So, it’s a late night. It’s Day 9 of no work and much social distance. Anxiety and existential dread are keeping me awake. So, I decided to rent The Invisible Man since Universal was gracious enough to release it to VOD early. This is my third time seeing it, and there is no doubt it will remain one of my favorite movies of 2020 (let’s ignore the prospect that the movie industry may crumble in 2020).
So, anyway, the movie had some minor plot issues (like even the best horror movies [this being one] would have), but all of those are completely overshadowed by all the things that made the movie wonderful. It’s lame to review a movie that is weeks old, but let me now list what I love about it (spoilers ahead).
- The simplicity of it all; a simple budget, simple effects, simple plot, earnest but simple message. No PG-13, summer-blockbuster-budget ridiculousness.
- Cecilia is a victim of domestic violence, but, despite what her sister says at one point in the film, she is neither stupid nor weak. Through the veil of a horror film, we are given a victim of domestic violence that society needs to see; a smart, capable woman who is fully aware how her abuser operates but still finds herself unable to escape her clutches. This is how abuse works. Anyone can become a victim, not the “weak” or the “stupid,” anyone.
- In a lesser movie, Cecilia would have doubted herself; she would have spent the first quarter of the movie questioning her sanity or entertaining the idea that she’s being haunted by Adrian’s ghost. Instead, Cecilia never doubts that what she’s experiencing is real and that Adrian is behind it. She knows she’s right, and she never stops trying to get others to listen to her.
- The movie portrays a straight male/straight female friendship that is in no way romantic and has not a hint of sexual tension. The film doesn’t go out of its way to explain how these two are friends, just as the movie wouldn’t bother to do if James’s character were a woman. This was refreshing.

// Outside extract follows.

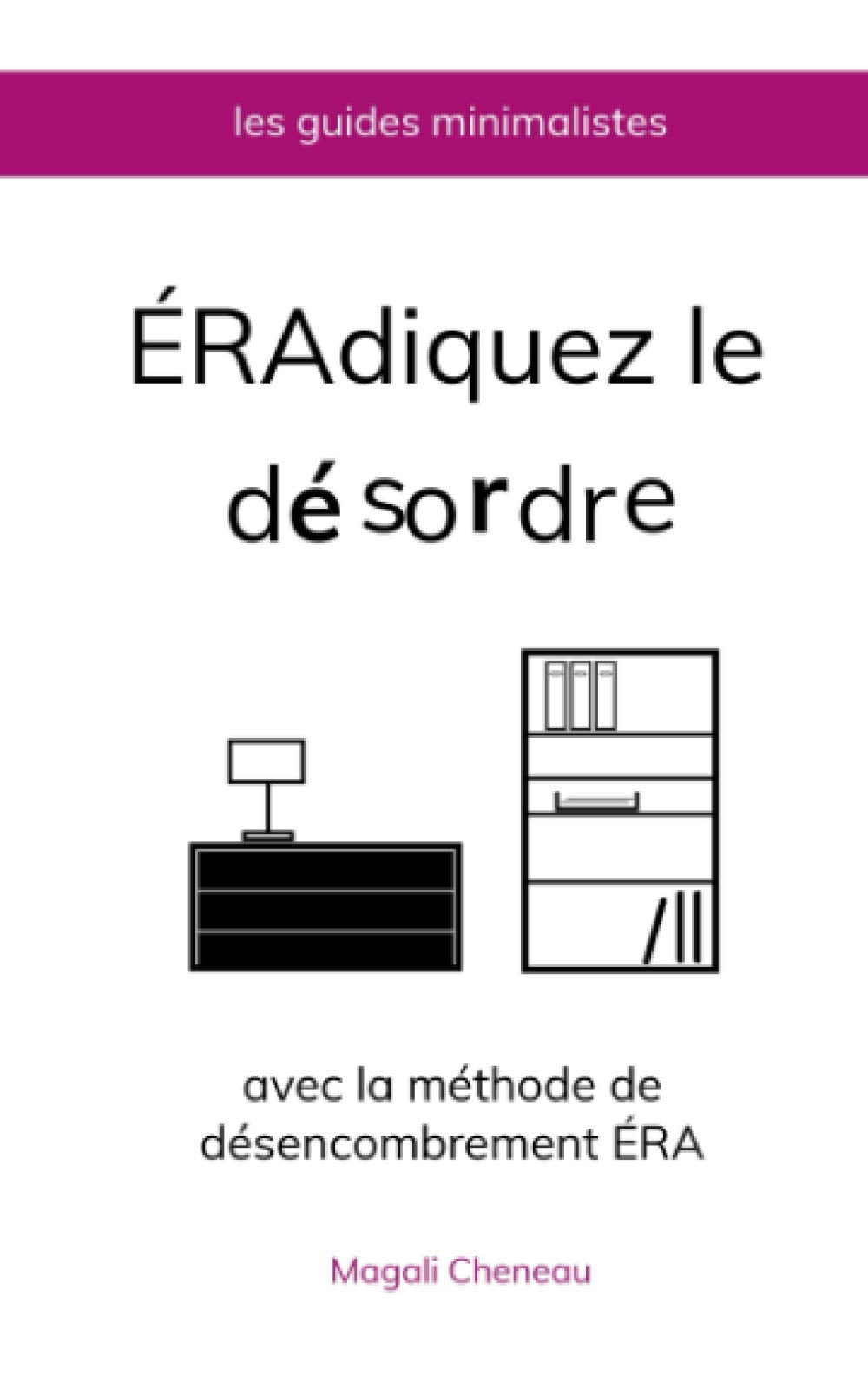 Éradiquez le désordre avec la méthode de désencombrement ÉRA 9782955986301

- I have to admit, when I learned that Griffin’s character was being turned into a domestic abuser in this new film, I was worried. I worried that, like Hollow Man and The League of Extraordinary comics, there would certainly be an invisible rape scene. But the film resisted all shades of exploitation, instead centering the film around Cecilia and her experiences.
- One staple of the various iterations of Griffin since Wells’s original novel is the theme of scientific hubris; Griffin goes too far and injects himself with an invisibility serum but is unable to reverse the effects, driving him mad and leading him to a mission of anarchy. This key element of Griffin is gone, as he’s traded in the irreversible serum with a suit that he can slide in and out of easily. This newer version’s mission is much more focused, focused on tormenting one woman specifically. But I very much enjoyed this change. It was a necessary update that made the Invisible Man frightening again for the 21st century.
- The movie had some very clever elements that I would never have noticed if it weren’t for a friend pointing them out; Cecilia’s nickname is C (“see”), and the Invisible Man’s first act on screen is to light a gas stove. Get it? “Gaslighting?” Get it???
Anyway, stay safe out there my friends. Try to watch some good movies while you’re sequestered.